Professora e professor, disponibilizamos aqui atividades para você trabalhar o livro "De como Francislene encontrou Comadre Fulozinha" com seus alunos.

"De como Francislene encontrou Comadre Fulozinha, de autoria de Adriano Messias, se volta a alunos de EJA, Educação de Jovens e Adultos no Ensino Médio e na Educação do Campo.
Seu enredo se passa no sertão pernambucano, especificamente na caatinga fechada, semiárida, com todo o seu panorama cultural, geográfico e ecossistêmico, em que memórias de jagunços permanecem impressas na secura dos rasos – como o raso da Marieta –, e em que o gado agonizante na seca, a vegetação espinhosa e as aves de rapina servem como pano de fundo para causos e lendas locais.
A personagem Francislene, tataraneta de Lampião, após se ver perdida pelas terras da caatinga, encontra o velho Zuza em sua palhoça e, dele, escutará a história de Marieta, fazendeira conhecida por sua valentia, mas também pela crueldade.
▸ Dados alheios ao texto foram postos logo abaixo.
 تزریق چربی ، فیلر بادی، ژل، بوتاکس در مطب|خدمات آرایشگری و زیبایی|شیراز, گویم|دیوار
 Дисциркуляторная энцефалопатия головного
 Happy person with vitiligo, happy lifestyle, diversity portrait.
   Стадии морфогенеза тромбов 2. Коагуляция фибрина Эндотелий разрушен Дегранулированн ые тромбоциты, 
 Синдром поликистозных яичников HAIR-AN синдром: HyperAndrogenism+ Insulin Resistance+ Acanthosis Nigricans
Todo o povo do Cariri, região cearense limítrofe com Pernambuco, dizia que ela tinha feito pacto com o “coiso” e, depois de morta, se transformara em visagem, em assombração. Além dessa figura, a desgarrada Francislene ainda se deparará com a temida Comadre Fulozinha, ser encantado evitado a todo custo pelos sertanejos, posto que temida e terrível.
O caburé e outras aves, a paca, a cotia, o cateto, o ouriço, o veado, o calango, as reses desgarradas, as serpentes e os arvoredos típicos ajudam a dar cor local à narrativa. Vale ainda mencionar as belas imagens de Rafa Antón – impactantes e dramáticas em sua bela técnica com lápis de cor.
Mais do que apenas um livro sobre lendas pernambucanas, essa obra também nos oferece um arco de maturidade física e emocional para a personagem, desde que se torna moça – evento marcado pela chegada da menarca – até que ela própria se vê mãe, na cidade de São Paulo, com uma filha junto de si – na parte final do livro, quando há um encerramento bem marcante da história.
Questões em torno da afetividade, da solidariedade, da igualdade, da diversidade, da gentileza, da cultura da paz e da inclusão estão fortemente presentes na narrativa, conforme pode ser percebido na leitura do conto.
Do ponto de vista ético, a obra auxilia na compreensão da história oral e da cultura pernambucana e do Cariri, reforçando no imaginário a releitura do universo sertanejo da caatinga profunda, seca, intransponível, e das figuras que popularmente a povoam há séculos – mostrando-nos que a diferença entre o bem e o mal pode ser apenas uma questão de escolha por parte do sujeito ativo, senhor de seus caminhos. Ao mesmo tempo, a obra ajuda a valorizar os conteúdos culturais e o ecossistema de uma das mais ricas regiões do planeta.
A leitura será prazerosa tanto para alunos de EJA mais jovens quanto para adultos e idosos, os quais poderão não apenas rememorar suas próprias histórias e lendas, mas também se perceber na sabedoria experiente do velho Zuza, que faz boas intervenções para que a garota extraviada venha a se encontrar – um encontro muito mais interno do que externo.

Atividades pedagógicas

Como a BNCC, Base Nacional Comum Curricular, não possui uma seção específica para a Educação de Jovens e Adultos (EJA), as atividades a seguir aplicam as mesmas competências e habilidades do ensino regular – neste caso, do Ensino Médio. Porém, foram feitas adequações metodológicas que respeitam a andragogia, ou seja, a área do saber que se preocupa com a aprendizagem de adultos e suas especificidades. Neste sentido, respeita-se a vivência dos estudantes e são empregadas situações do cotidiano, sempre que possível, o que está respaldado pela Resolução nº 01/2021, que instituiu as Diretrizes Curriculares para EJA.
Também reforçamos que as atividades que seguem contemplam as quatro habilidades básicas da comunicação, ou seja, a fala, a escrita, a leitura e a escuta.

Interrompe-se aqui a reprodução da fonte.